**PROBLEM REQUIREMENTS**:
Look through the material below. Return exactly the lines from the one with "Apartament cu 3" through the one with "Elazığ’da karla mücadele çalışmaları", both included.

**MATERIALS PROVIDED**:
---
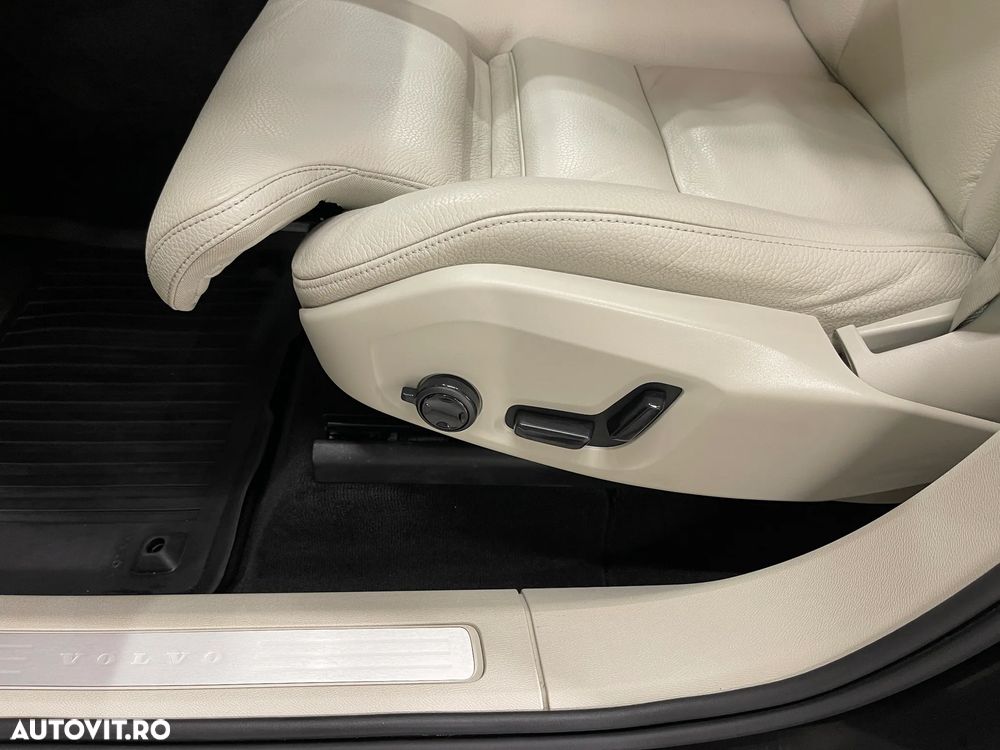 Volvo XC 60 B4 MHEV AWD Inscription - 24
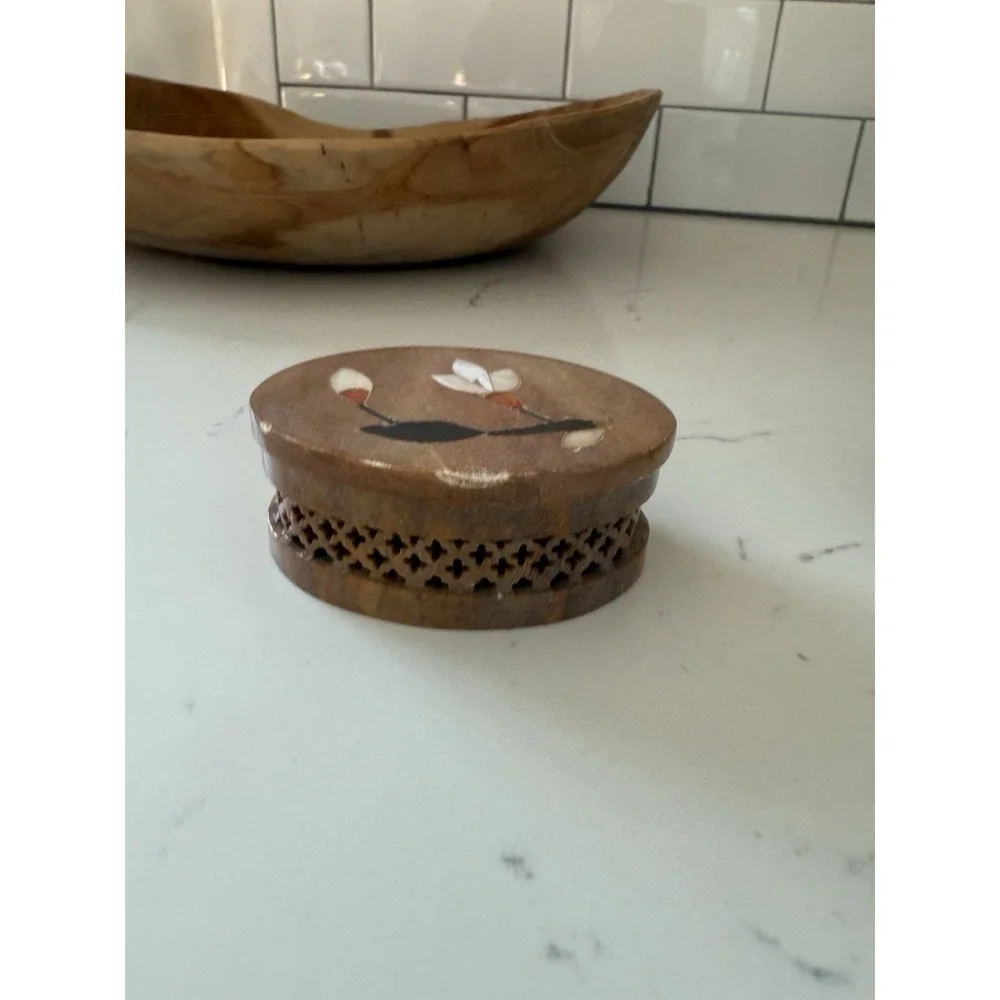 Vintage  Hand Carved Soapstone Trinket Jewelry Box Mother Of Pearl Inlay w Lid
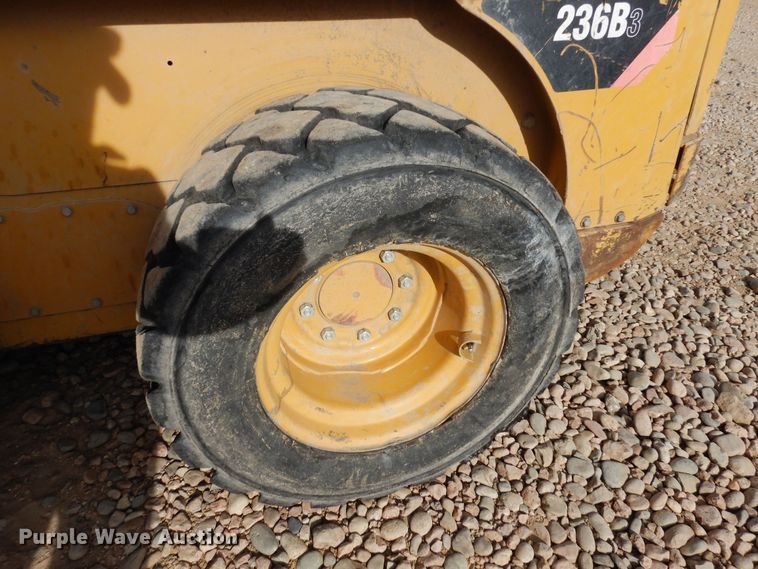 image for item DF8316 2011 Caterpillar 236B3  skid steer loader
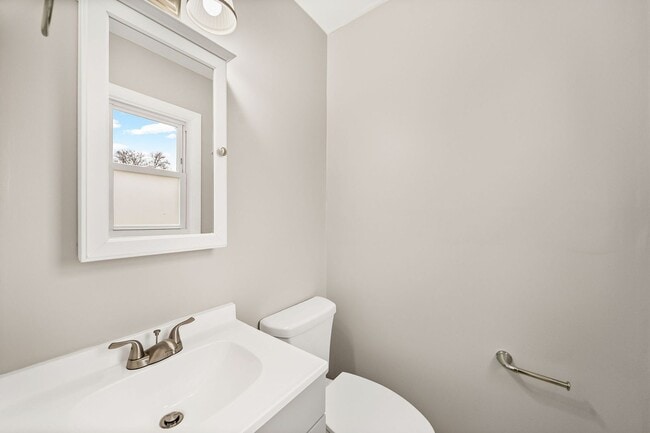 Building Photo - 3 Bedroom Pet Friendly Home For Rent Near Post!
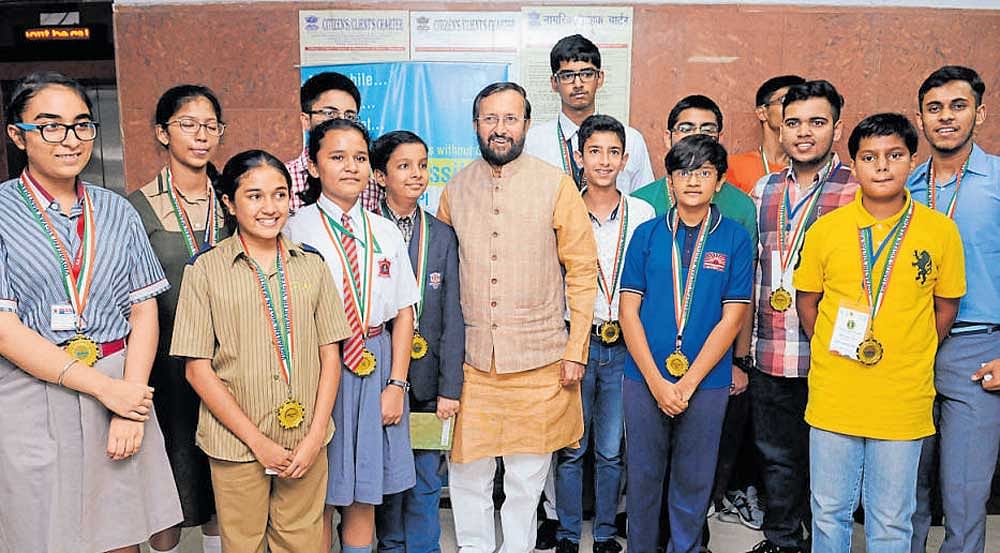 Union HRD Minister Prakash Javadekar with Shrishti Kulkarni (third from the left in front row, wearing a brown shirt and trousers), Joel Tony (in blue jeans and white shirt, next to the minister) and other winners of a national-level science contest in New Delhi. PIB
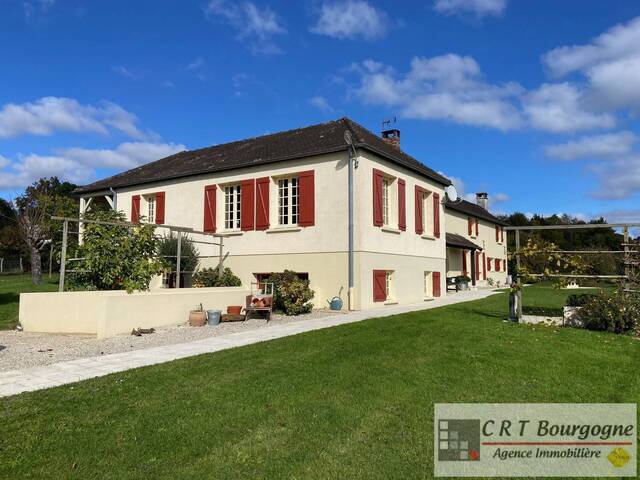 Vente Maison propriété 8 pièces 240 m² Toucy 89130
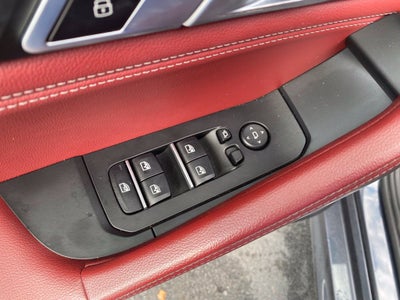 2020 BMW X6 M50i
---
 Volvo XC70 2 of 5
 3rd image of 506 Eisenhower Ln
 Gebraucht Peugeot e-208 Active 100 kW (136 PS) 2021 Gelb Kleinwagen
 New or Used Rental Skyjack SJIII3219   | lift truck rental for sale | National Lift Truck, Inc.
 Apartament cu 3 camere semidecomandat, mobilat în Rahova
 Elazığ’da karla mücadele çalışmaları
---
**EXERCISE RESULT**:
 Apartament cu 3 camere semidecomandat, mobilat în Rahova
 Elazığ’da karla mücadele çalışmaları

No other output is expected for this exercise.